Ingredients:
4x 12 oz. Rib Eye Steaks
2x Medium Yellow Onions
2x Jalapeno peppers
1/4 C. Cumin seed toasted and crushed
1/4 C. Dark New Mexico chili powder
1/4 C. Smoked paprika
1 Tbsp. Coriander seed crushed
2 tsp. Cayenne
3 Tbsp. Coarse salt
2 Tbsp. Cracked black pepper
3 Tbsp. Chopped garlic
6 Cans Ice Cold Pilsner Style beer
16 oz. Crushed San Marzano tomatoes
12 oz. Tomato puree
1/4 C. Tomato paste
1 C. Maseca (tamale mix)
Procedure:
Prepare a hot charcoal grill, combine crushed cumin seeds, chili powder, paprika, coriander and cayenne in small bowl. Crust the steaks with your dry rub and let rest for 15 minutes. Reserve any extra dry rub to season the chili.
You will only need 2 beers for the chili and the other 4 are for drinking while you’re making the chili...
Over the hot coals grill the dry rubbed rib eye steaks and the onions and peppers for 3 minutes on each side then move off to indirect heat and let rest for 30 minutes.
Cut the steaks and onions into 1/2 inch cubes and mince the jalapenos seeds and all.

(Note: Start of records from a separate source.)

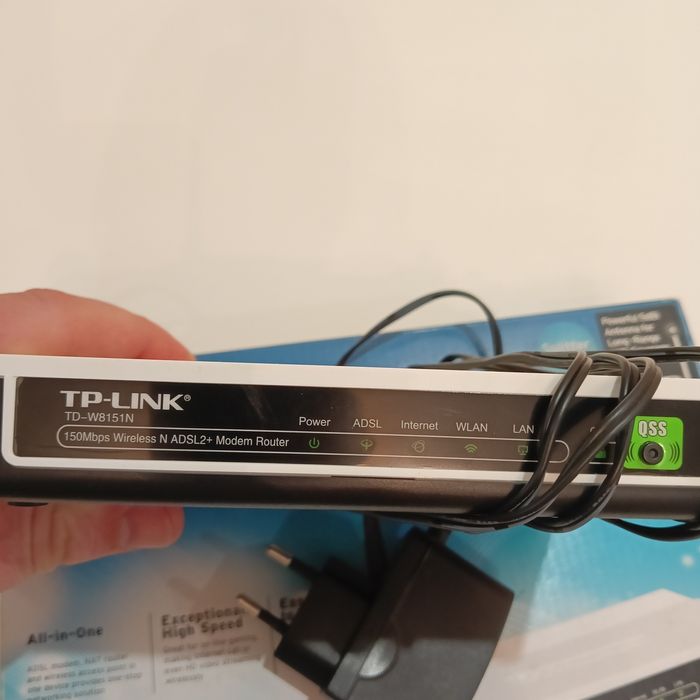 Маршрутизатор ADSL 2+
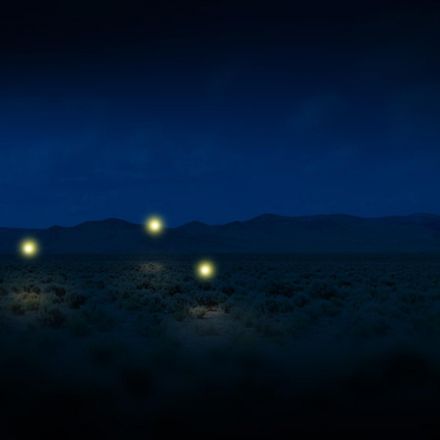 Scientists Can’t Fully Explain These Strange Floating Lights in Texas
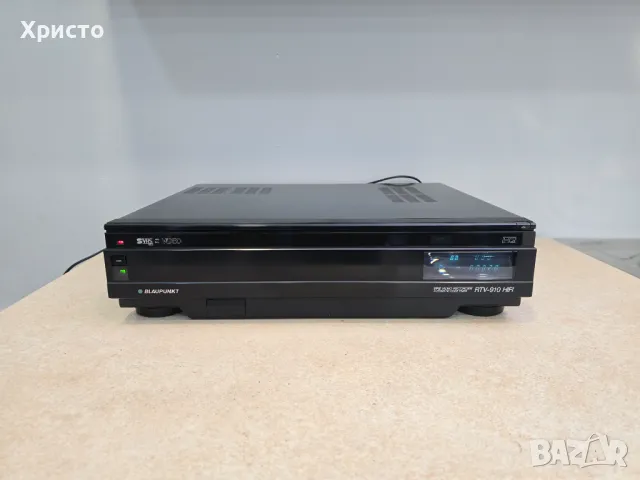📼 BLAUPUNKT RTV-910 📼 Svhs HiFi stereo, снимка 2 - Плейъри, домашно кино, прожектори - 49842641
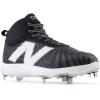 imageNew Balance Mens FuelCell 4040 V7 MidmetalBaseball ShoeBlackOptic White
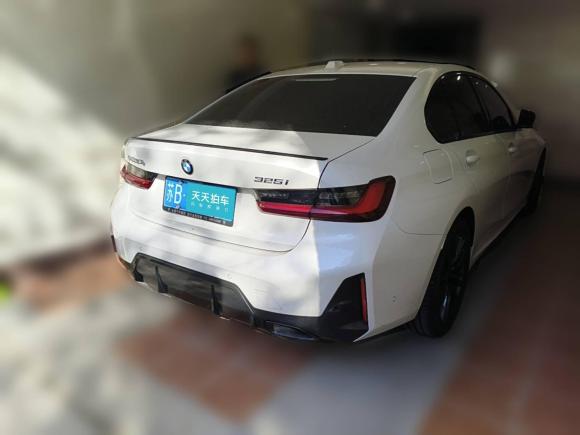 [无锡·苏B] 二手宝马宝马3系2023款 325i M运动曜夜套装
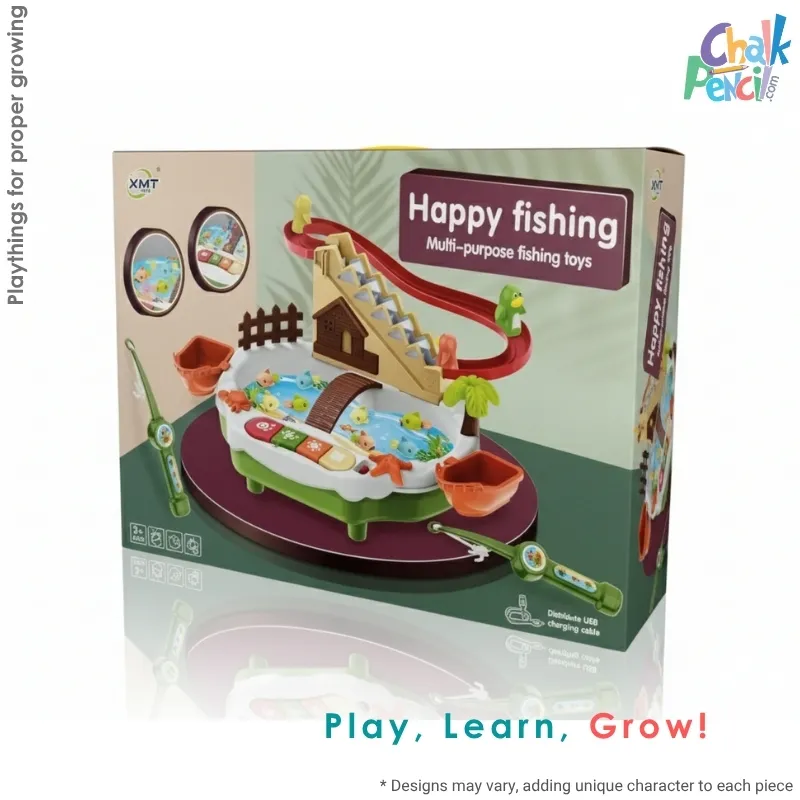 Kids Happy Fishing Toy - Image 2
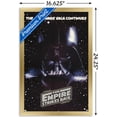 thumbnail image 3 of Star Wars: The Empire Strikes Back - Vader One Sheet Wall Poster, 14.725" x 22.375" Framed, 3 of 6
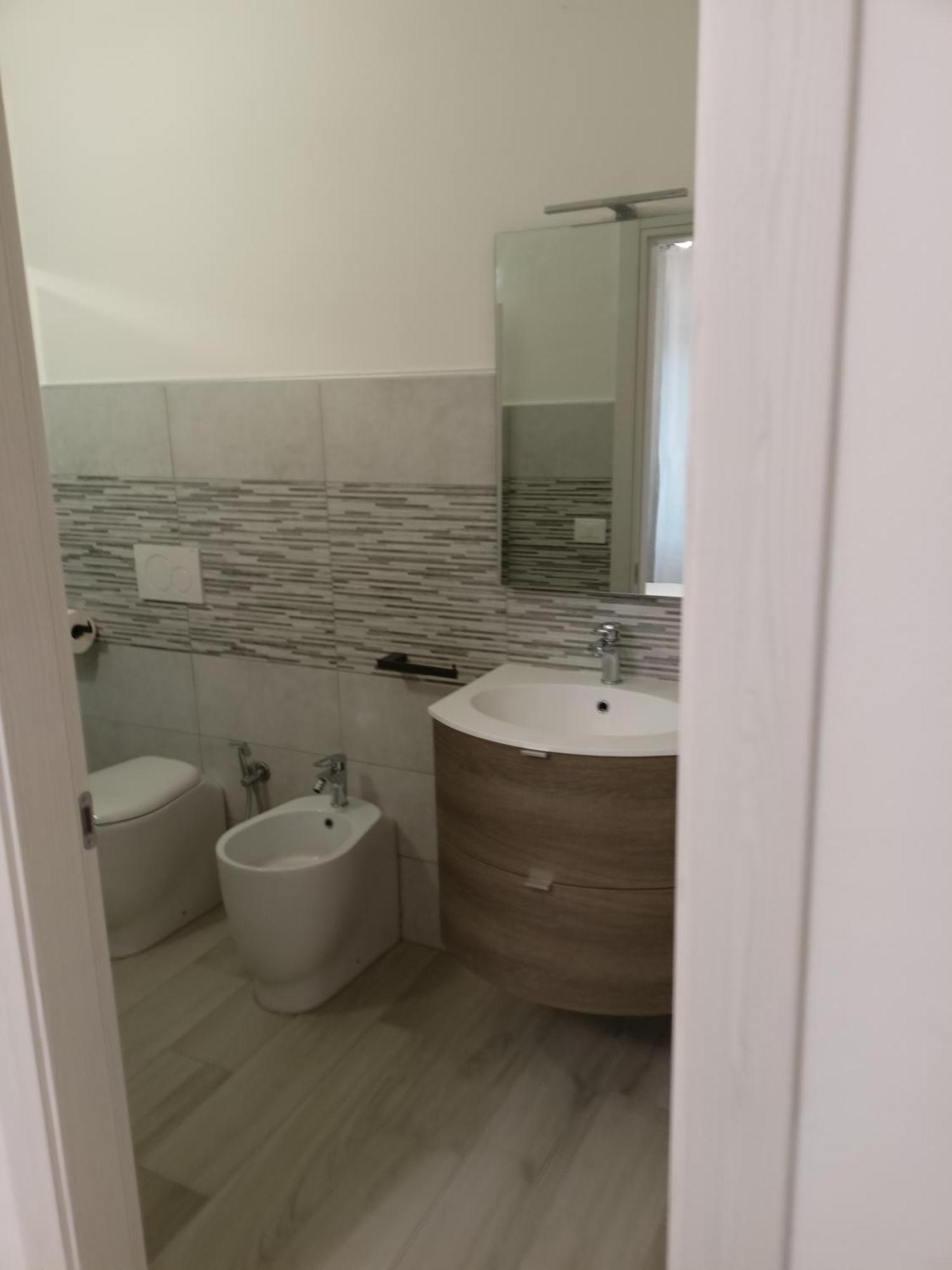 La Dea Rooms Ferrara Eksteriør billede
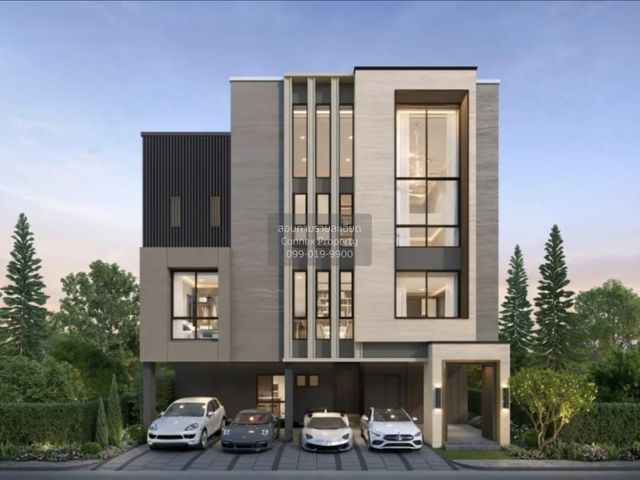 ขายบ้าน บีร์ออน เกษตร - นวมินทร์  CX-149702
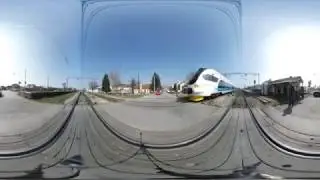 360 Video - Željezničko-cestovni prijelaz Sokolska, Zagreb - FPZ - NPSCP 2011. - 2020.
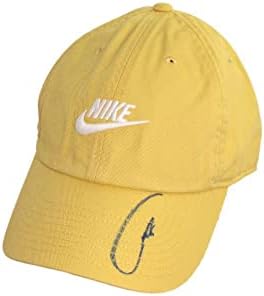 Carlos Alcaraz İmzalı Nike Tenis Şapkası Şapkası - ABD Açık Şampiyon Dünyası 1 Jsa-İmzalı Şapkalar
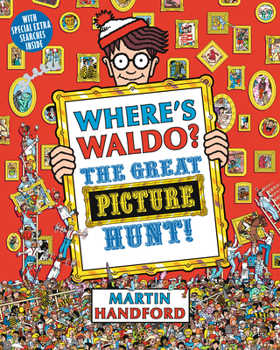 Where's Waldo? The Great Picture Hunt (Waldo) - Book #6 of the Where's Waldo?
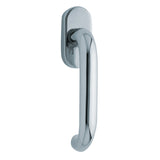 Fenstergriff SCOOP Form 1104, Edelstahl poliert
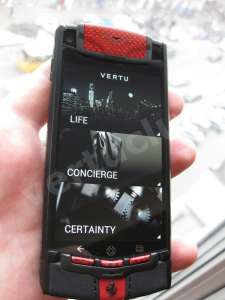 Vertu Ti Ferrari L.E., Verty, �����, ����� vertu, ����� ��������� vertu, ������ ����� vertu, ����� ������� ��������� - ����������
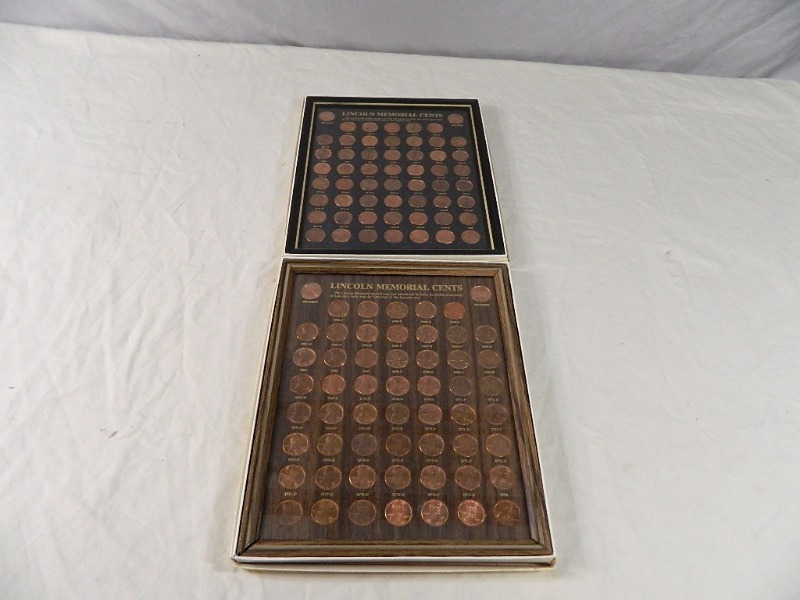 lot 40 image: Lincoln Memorial Cents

In a large pot heat 2 T. olive oil and add the garlic, smoked onions, jalapeno and sauté for 4 minutes. Add the grilled steak and the remaining dry rub seasonings and sauté another 5 minutes. Add your wet ingredients and bring to a simmer. Allow to simmer stirring occasionally for 45 minutes. Add the Maseca and mix well, let simmer another 10 minutes.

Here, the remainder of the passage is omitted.